* Collected material *
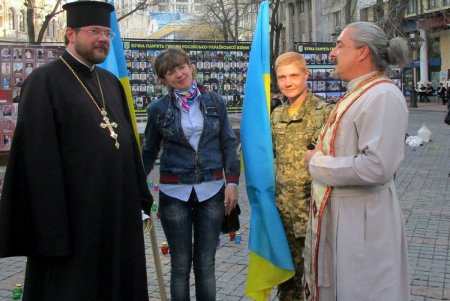 Греческая площадь: заупокойный молебен и митинг-реквием по одесситам, погибшим 2 мая 2014 года и в зоне АТО (фото)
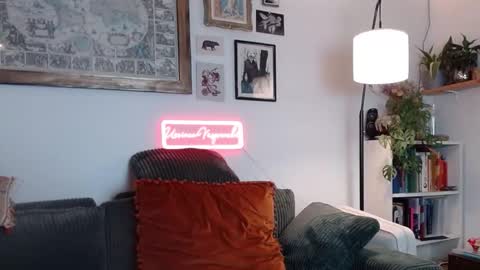 Ursinae online show from February 17, 12:21 am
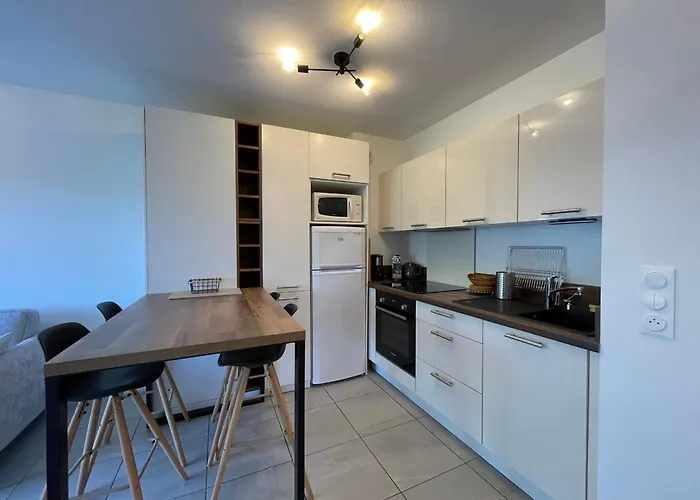 T2 Proche Plages Et Commerces Avec Terrasse A Vieux-boucau - Fr-1-239-1072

* What you should do *
Exact repetition of the material above is required, with the images removed.

* Answer for the task *
 Греческая площадь: заупокойный молебен и митинг-реквием по одесситам, погибшим 2 мая 2014 года и в зоне АТО (фото)
 Ursinae online show from February 17, 12:21 am
 T2 Proche Plages Et Commerces Avec Terrasse A Vieux-boucau - Fr-1-239-1072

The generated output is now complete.